The adage, whatever its origins, seems to be enshrined in the parables that are told to schoolchildren about early America, along with George Washington and the cherry tree and Columbus sailing the Ocean blue in 1492 in defiance of a general belief that the world was flat. The story that the Mayflower pilgrims endured great hardships rather than eat their seed corn has a better claim to authenticity than either of the aforementioned fables, but claiming that this represents extraordinary foresight on the part of our ancestors, contributing to present entitlement, is probably a distortion.
Whatever the history, eating seed corn in the literal as well as the metaphorical sense has now become business as usual, as we consume the means of generating future sustenance in the name of present advantage. The explosion of credit boosts the phenomenon exponentially. A farmer who routinely and increasingly mortgages his land to buy seed and fertilizer, or a homeowner who runs up a credit card secured by his house to meet present living expenses, is eating seed corn.
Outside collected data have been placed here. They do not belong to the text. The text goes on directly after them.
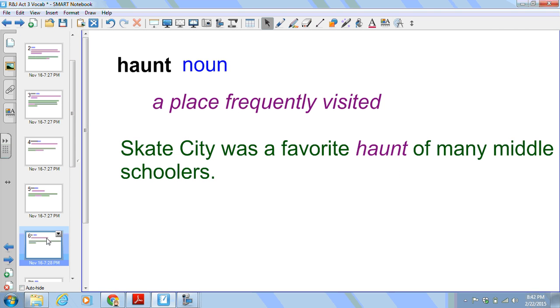Next we have haunt. This is a noun. It is a place that is frequently visited. Skate City was a favorite haunt of many middle schoolers.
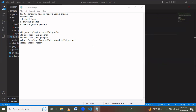Hello friends, in this session we are going to learn how to generate a JaCoCo report using Gradle. The prerequisites are having Java and Gradle installed and a Gradle project created. I have already installed Java and Gradle and created the Gradle project. If you haven't, install them first and then proceed to the next steps.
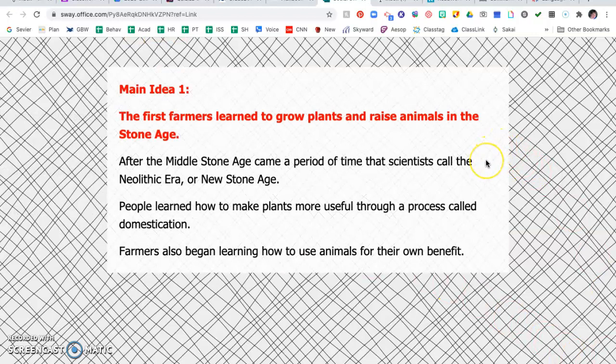After the Middle Stone Age, the Mesolithic era, came a period of time that scientists call the Neolithic era, which is the new Stone Age. So we had the Paleolithic era — prehistory — the Mesolithic era — middle — and now the Neolithic era — new. So P and P, M and M, N and N.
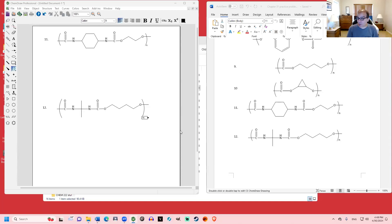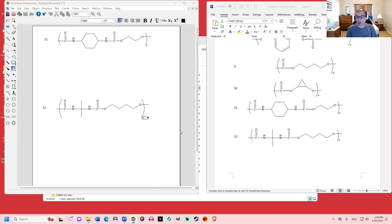That covers the majority of what you'll need to know from chapters 29 and 31 — the main things we covered. As usual in organic chemistry, we're focusing on structure. This was a short review session.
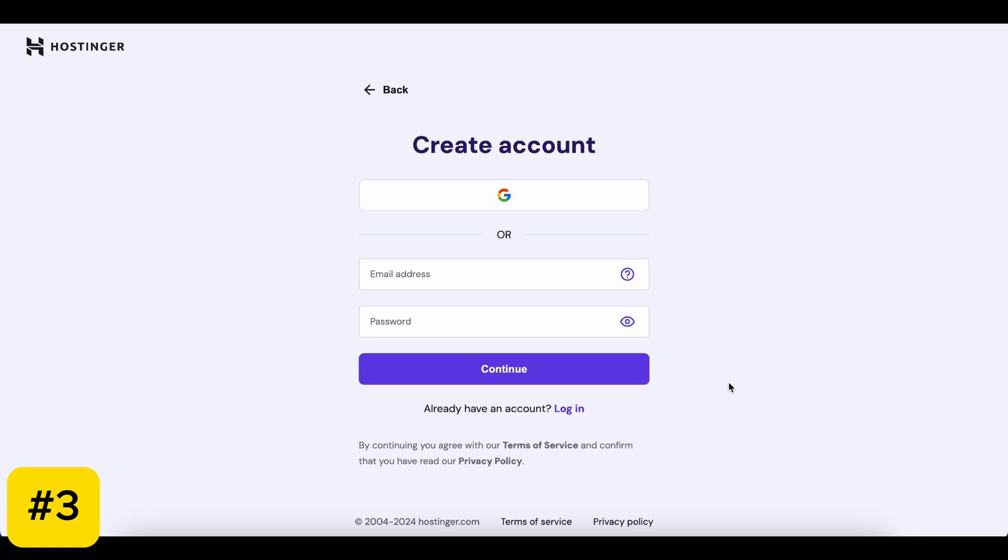Step 3. Create your account. You'll need to enter your email, or you can sign up with a social media account like Facebook or Google. Easy, right?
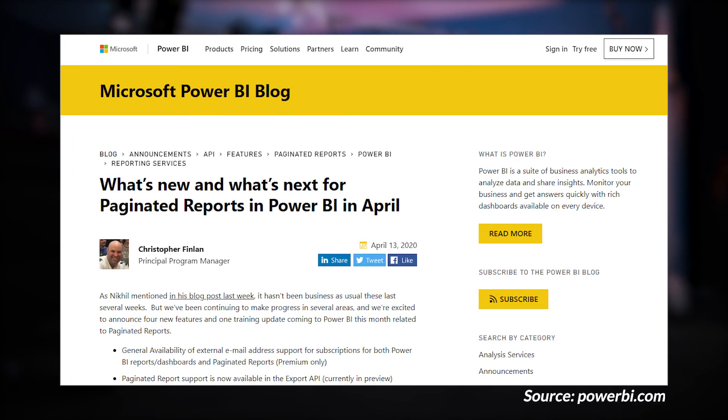Chris Finland's got a blog post out on the Power BI blog looking at the state of paginated reports and what's coming down the pipe that you can expect with that feature. Paginated reports is a premium feature, so you have to have Power BI Premium in order to use it as of this recording, but there are some cool things coming. He highlighted that external email support for both Power BI reports and paginated reports has gone generally available. He also called out that paginated reports are now available for the export to API when exporting to PDF — this is a preview feature.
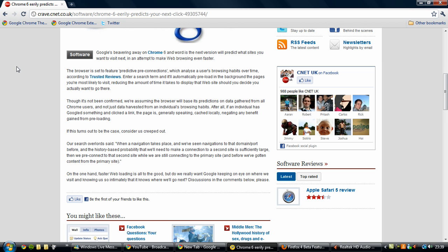So that concludes my review of the latest build of Google Chrome 6, 6.0.479.0. Overall, this is a massive improvement over Chrome 5 and it is definitely a lot faster. There are not even that many bugs in this build of the browser, which I'm very pleased about. So I'll be looking forward to a stable release of Chrome 6, hopefully sometime later in the year.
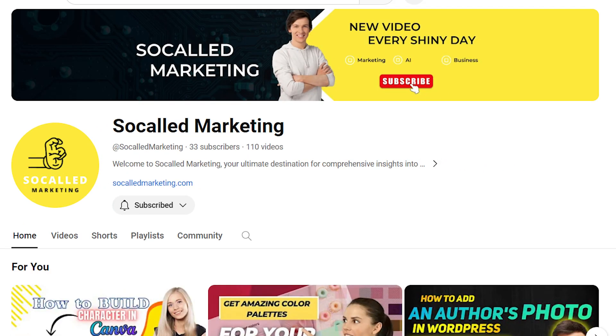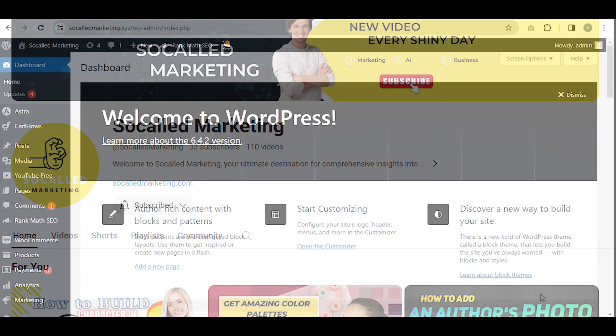Hi guys, welcome back. Today I will show you how to change the publish date of a WordPress post article.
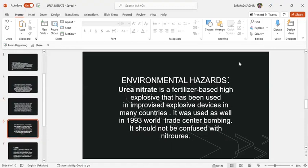Environmental hazards caused by urea nitrate: Urea nitrate is a fertilizer-based high explosive that has been used in improvised explosive devices in many countries like Iran and Iraq. It was used as well in the 1993 World Trade Center bombing.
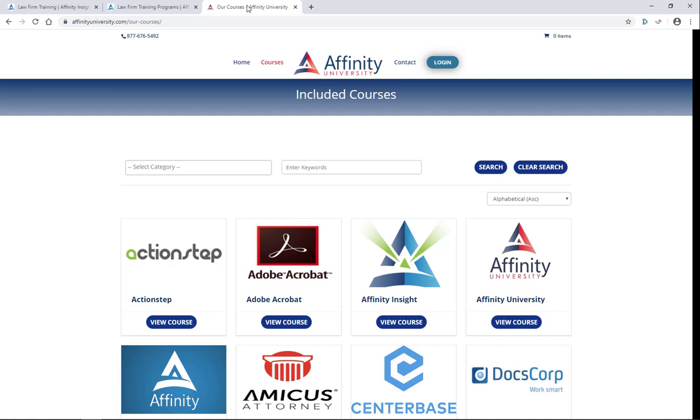But Affinity University also has legal specific software like ActionStep and Centerbase and NetDocuments among many others that you might find to be very valuable to your team. Take a look.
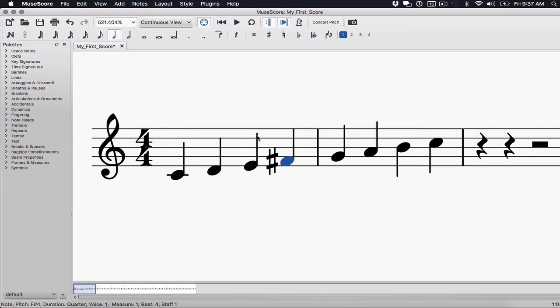Okay. So that's the Lydian scale. It's a major scale with a raised fourth scale degree. Okay. Let's move on and talk about the Mixolydian scale.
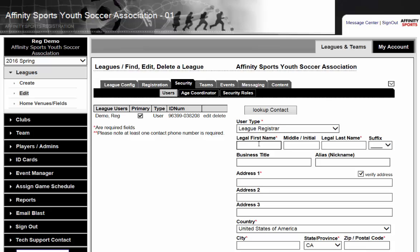You will enter their legal first name, their last name, and their address. You can also enter their business title.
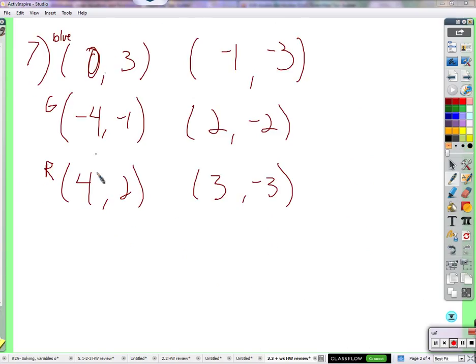Which of these lines — blue, green, or red — is the one that's transversal to the other two? It means it intersects both of the lines. Which one crosses both of the lines? Green. Green crosses both.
In an era when people do not literally stockpile seed, he is not only consuming the tangible means of future production, but even the intangible means of securing access to future production.
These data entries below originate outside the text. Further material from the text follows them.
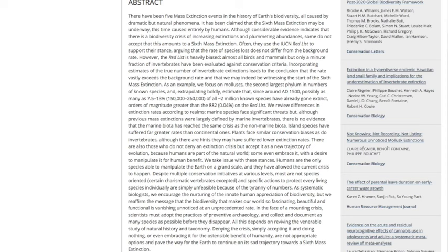"Despite multiple conservation initiatives at various levels, most are not species-oriented — certain charismatic vertebrates accepted — and specific actions to protect every living species individually are simply unfeasible because of the tyranny of numbers. As systematic biologists, we encourage the nurturing of the innate human appreciation of biodiversity, but we reaffirm the message that the biodiversity that makes our world so fascinating, beautiful, and functional is vanishing, unnoticed, at an unprecedented rate. In the face of a mounting crisis, scientists must adopt the practices of preventative archaeology, and collect and document as many species as possible before they disappear. All this depends on reviving the venerable study of natural history and taxonomy. Denying the crisis, simply accepting it and doing nothing, or even embracing it for the ostensible benefit of humanity, are not appropriate options, and pave the way for the earth to continue on its sad trajectory towards a sixth mass extinction." Unquote.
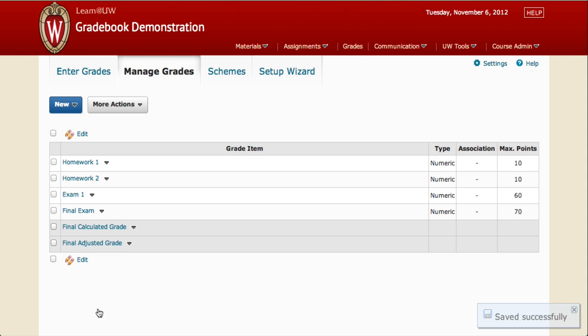That's it! Now we've created our scheme for grade cutoffs and applied it to the Final Grade column. In the next video, we'll get the final grades all ready to be exported to the Registrar.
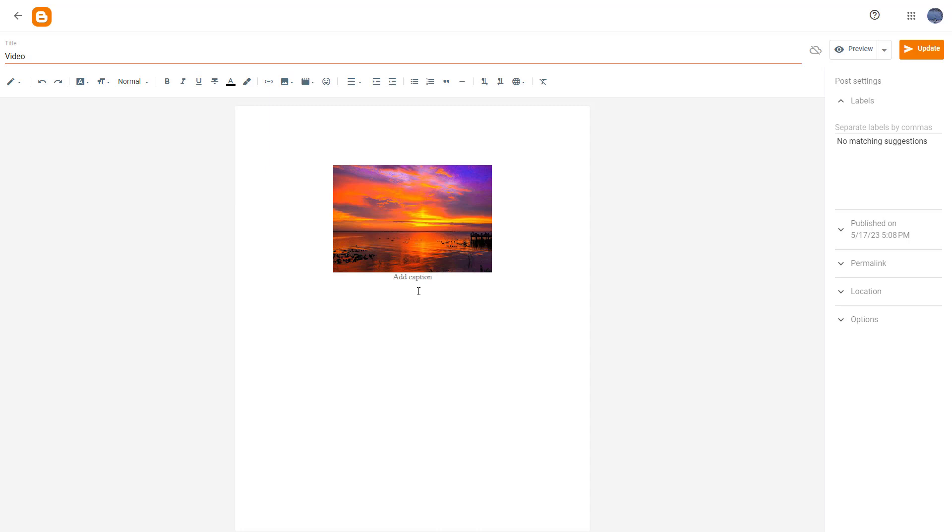Once you do that, you need to add in the caption as you like. So I'm just going to say sunset image right here, just like this.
There is a great deal of lip service paid to sustainability these days, but too often that is used as a rallying cry toward consuming decisions that are anything but sustainable. As an example, the oversupply of workers in certain academic fields and the consequent dismal job prospects for individuals who are treated as a disposable commodity is being used as an argument for throwing more public resources into training programs of doubtful utility. Much of the public investment in renewable energy falls into the same category: borrowed money has been diverted into the hands of rapidly growing companies and their investors, without a corresponding net increase in sustainable energy production. The billions in borrowed money diverted into the effort, meanwhile, becomes a millstone around the neck of the public, bleeding off interest and compromising the ability to borrow “seed money” on reasonable terms if a true emergency does arise.
Once again, the Emperor has no clothes.
Source of Image
The Wonderful World of J. Wesley Smith by Burr Shafer, the Vanguard Press Inc. New York, 1960.